Popularity is one key factor for an artist to release music. One way of measuring popularity is the position of a song in charts. Billboard updates their chart every week, adding or removing songs according to the times it has been played on radio and streaming platforms. If a song is popular in Billboard, that means, if that song can get to be featured in one of the many charts on Billboard, it is likely to ensure a good financial return to the artist and, by extent, to their label. Spotify is the most popular streaming platform and provides an API through which one can access features of any song. In this exercise, I try to find a methodology to predict a song’s popularity based on the Billboard Hot 100 charts for the past 20 years, and features for those songs available through Spotify API.
A Google Colab notebook for this skill is here.

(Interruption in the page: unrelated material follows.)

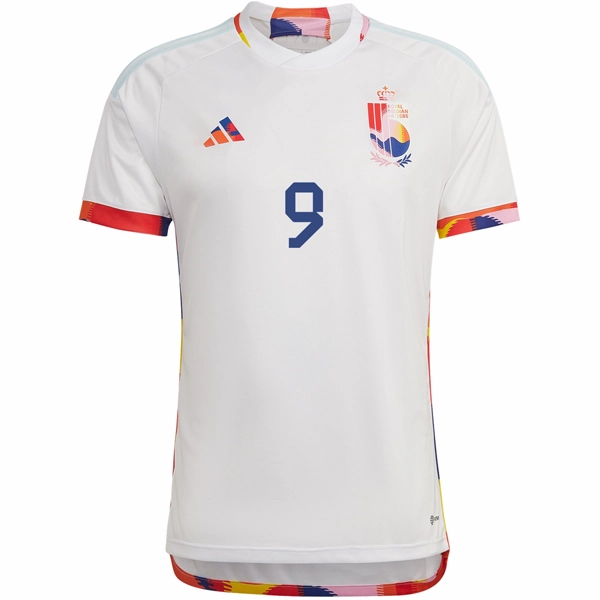 adidas Belgium Romelu Lukaku Away Jersey 22/23 (White/Multi) Flexible Collar Design Endurance Gear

With an always growing market and being affected by the current situation in the world, music streaming services are one of the preferred ways of consuming music. It is estimated that in the world exist around 400 million subscribers. Spotify and Apple Music account for 50% of them. As with any market, it is always important to understand what gives value to a product, in this case, albums and songs, and how can artists profit that information to know when to release an album among other strategies. All the streaming services provide information about what songs and albums are the most popular among their subscribers. However, if one relies only on that information, there could be certain limitations as the number of users, availability of the service in certain regions, etc. By using a global third party popularity system, this approach aims to better understand the popularity of a song independently of any service. In this work, I consider a song to be popular if it reaches any position in the Billboard Hot 100 chart.

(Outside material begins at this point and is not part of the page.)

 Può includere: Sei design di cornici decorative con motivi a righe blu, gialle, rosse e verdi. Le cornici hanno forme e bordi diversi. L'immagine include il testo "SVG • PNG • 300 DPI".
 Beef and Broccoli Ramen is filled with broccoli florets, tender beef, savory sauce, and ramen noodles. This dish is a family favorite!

Although I aim to be as platform-independent as I can be, I will use Spotify API to extract features and use that data to train a machine learning algorithm to predict whether there is a possibility for a song to be featured in Billboard’s Hot 100 chart any week. Deezer also has an API with the potential to be a source of information for this work, a way to improve the independence of any platform could be cross-validating the data in two or more platforms.
Predicting the popularity of a song can be treated as a classification problem. With this approach I try to address the question of how likely it is for a song to be popular, as understood as being featured in Billboard’s Hot 100. The traditional approach to a classification problem is get the data, train the model, test the model, and deploy the model. In our case, deployment of the model will be making predictions for existing songs of whether they have the potential to be popular or not.

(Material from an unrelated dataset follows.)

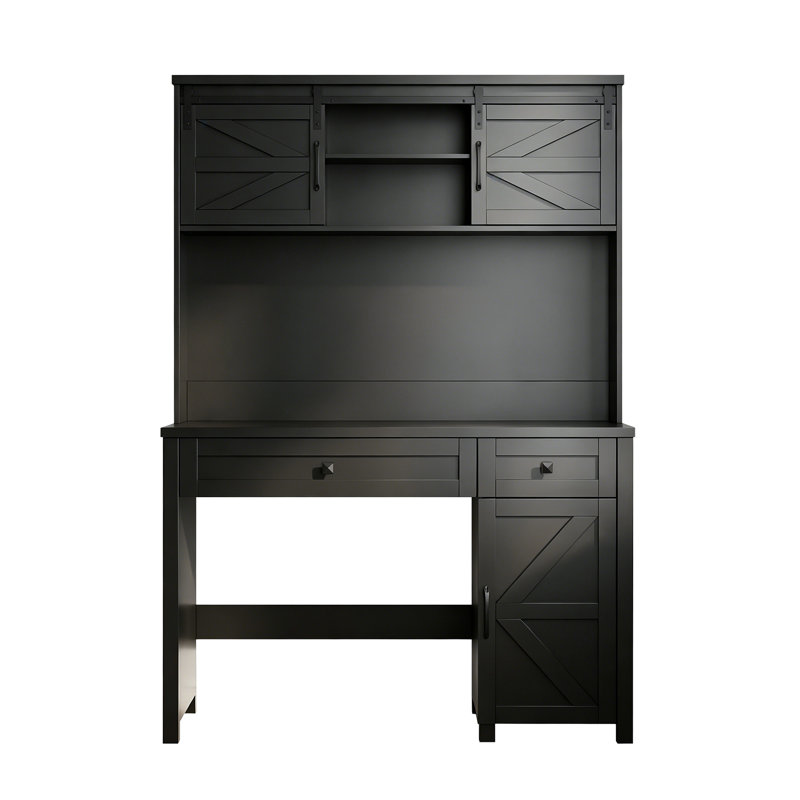 Farmhouse 47" Desk With 3 Drawers, Black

Data acquisition could be treated as a different problem; combining two different APIs can be complicated. Billboard does not have an API active, however it is likely that it did have an API in the past. Several solutions exist providing packages and language bindings for Billboard API that work at this moment.
Image 1: Simplified System Diagram
The approach I try to follow is:
Data acquisition from Billboard was straightforward. I used billboard-charts to get current and past data. This package provides information for each song in the form a ChartData Object. This object has many attributes among which are song name and artist. It also provides the peak position, number of weeks this song has been in the chart, and if the song is new or not.
hot-100 chart from 2020-09-05
-----------------------------
1. 'Dynamite' by BTS
2. 'WAP' by Cardi B Featuring Megan Thee Stallion
3. 'Laugh Now Cry Later' by Drake Featuring Lil Durk
4. 'Rockstar' by DaBaby Featuring Roddy Ricch
5. 'Blinding Lights' by The Weeknd
6. 'Whats Poppin' by Jack Harlow Featuring DaBaby, Tory Lanez & Lil Wayne
7. 'Watermelon Sugar' by Harry Styles
8. 'Roses' by SAINt JHN
9. 'Savage Love (Laxed - Siren Beat)' by Jawsh 685 x Jason Derulo
10. 'Before You Go' by Lewis Capaldi
Spotify allow a developer to access their API and get data for songs, albums, artists, etc. For this work I am using the get Audio Features method. The data that Spotify provides in this method is:
Spotify Features example:
{'danceability': 0.934,
'energy': 0.443,
'key': 1,
'loudness': -7.541,
'mode': 1,
'speechiness': 0.41,
'acousticness': 0.0272,
'instrumentalness': 0,
'liveness': 0.0889,
'valence': 0.359,
'tempo': 133.026,
'type': 'audio_features',
'id': '051wt8AyLFgYnVuberd3vO',
'uri': 'spotify:track:051wt8AyLFgYnVuberd3vO',
'track_href': 'https://api.spotify.com/v1/tracks/051wt8AyLFgYnVuberd3vO',
'analysis_url': 'https://api.spotify.com/v1/audio-analysis/051wt8AyLFgYnVuberd3vO',
'duration_ms': 187541,
'time_signature': 4}
After getting the latest chart, we now would have to get data from Spotify API. The main limitation we have is that there is not a direct link between the Billboard data and the Spotify API. To get one unique ID we can get audio features with, we would need to perform a search using either the title, the artist, or both, to get such Id. However, there are some challenges that we would need to address before actually getting data from Spotify.
The original idea of this work was to get up to 20 years of Billboard Charts data and then feed an algorithm with it. In 20 years there are 1040 weeks, and each week a new Billboard chart is published, meaning that, in total, I would have 104,000 data entries in the database to train the algorithm. As stated before, the most strong option to get the Id to be used later to get audio features was a automated option.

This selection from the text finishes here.